Si decimos que la escuela rural aragonesa es innovadora y en ella participa toda la comunidad educativa es difícil encontrar a alguien que no esté de acuerdo. Lo firmamos sin puntos ni comas que añadir, sobre todo quienes hemos pisado durante décadas aulas ubicadas al final de serpenteantes carreteras y en medio de paisajes hermosos en su silencio.
Ser maestra o maestro en una escuela de pueblo, en un instituto rural es un gesto que, cuando es voluntario, despierta la extrañeza y hasta la sospecha. No es lo habitual y en muchas ocasiones quienes lo protagonizan tienen que batallar con la incomprensión de unos y otros, actitud esta que se extiende a otros órdenes del universo docente. Es una muy buena noticia que la administración educativa promueva la incorporación al currículo de contenidos relacionados con el mundo rural, que se extiendan las aulas de 2 años a colegios rurales y que se sostengan las políticas de estabilidad del profesorado. Por ejemplo.
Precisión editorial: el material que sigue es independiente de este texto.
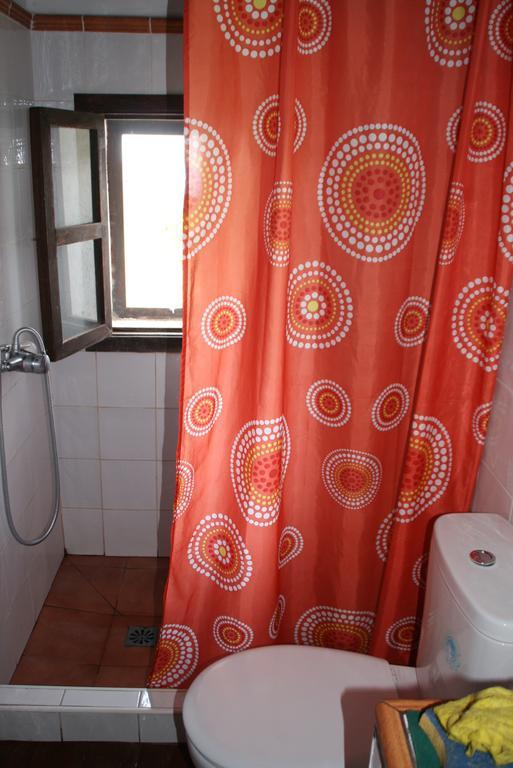 Cueva Del Viento Holiday home Icod De Los Vinos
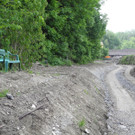 DSCN3205.JPG
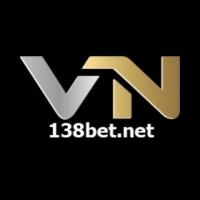 vn138betnet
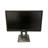 HP E232 LED Full HD 23 inch Ips Stock Monitor - 2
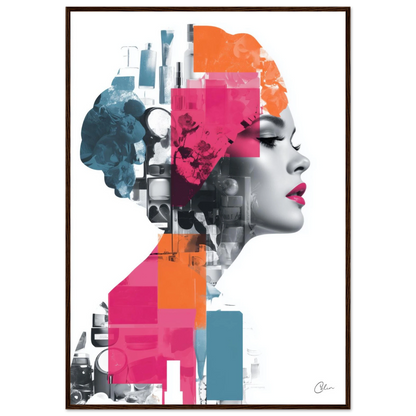 6a88e1d6-f0b2-4d56-bf51-e55abead00e1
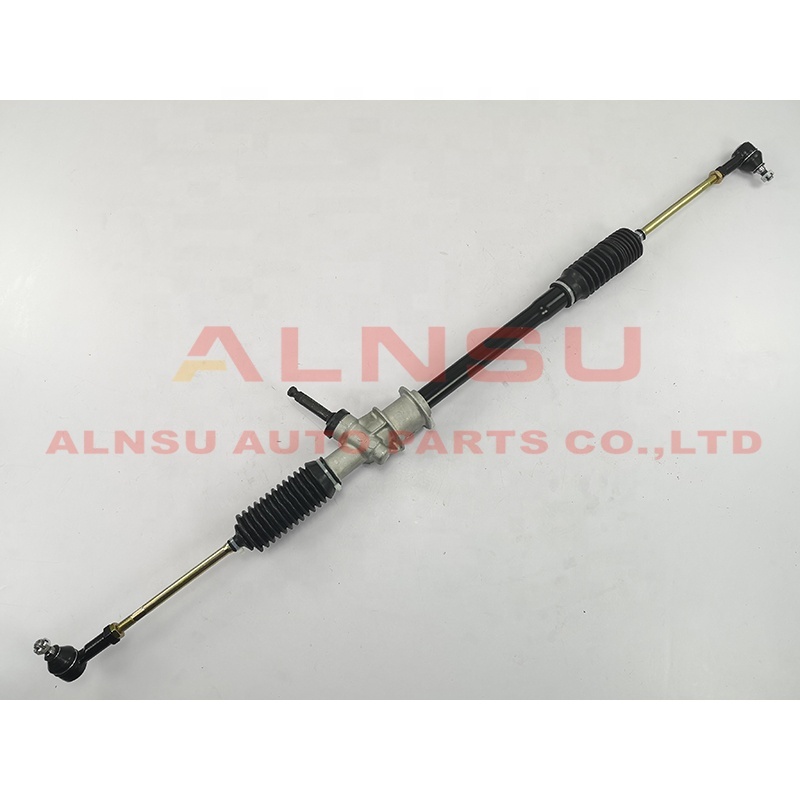 Steering Rack for MB412548 Mitsubishi L300.P03 lhd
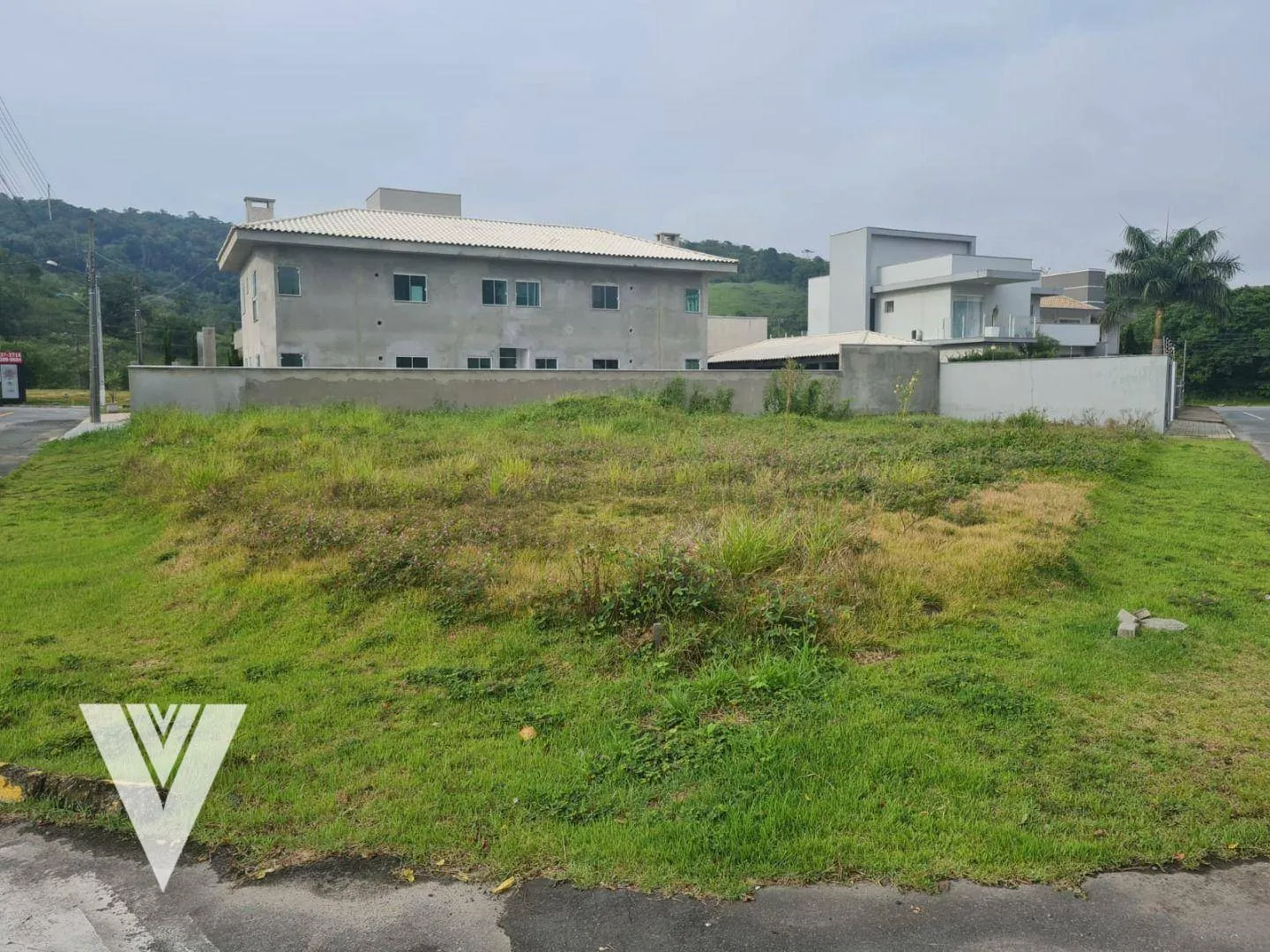 Terreno à venda, 652 m por R$ 500.000,00 - Bela Vista - Gaspar/SC — foto 7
La escuela rural, así, como concepto, despierta un sentimiento de ternura, pero estéril si no lo acompañan decisiones valerosas y con sentido de permanencia. Estamos muy leídos ya y conocemos demasiadas historias de entregados docentes que afrontan su experiencia profesional como un gesto loable pero aislado. Y en nuestras localidades más pequeñas ya no necesitamos a Omar Estrada (El profe Omar) ni a Don Gregorio (La lengua de las mariposas). No necesitamos héroes, heroínas que se enfrenten en soledad a las dificultades, sino actuaciones decisivas como las descritas que contribuyan a generar proyectos comunes de futuro. Así, habrá un día en que no sea preciso tener que escribir dedicatorias como la que aparece en los títulos de crédito de “Hoy no pasamos lista”: “A esos maestros rurales que sin regatear sacrificios llevan la luz de la cultura hasta los pueblos más apartados de España”. Como Don Manuel (Fernando F. Gómez), el nuevo maestro de Peñascales. Como tú. Como tantos.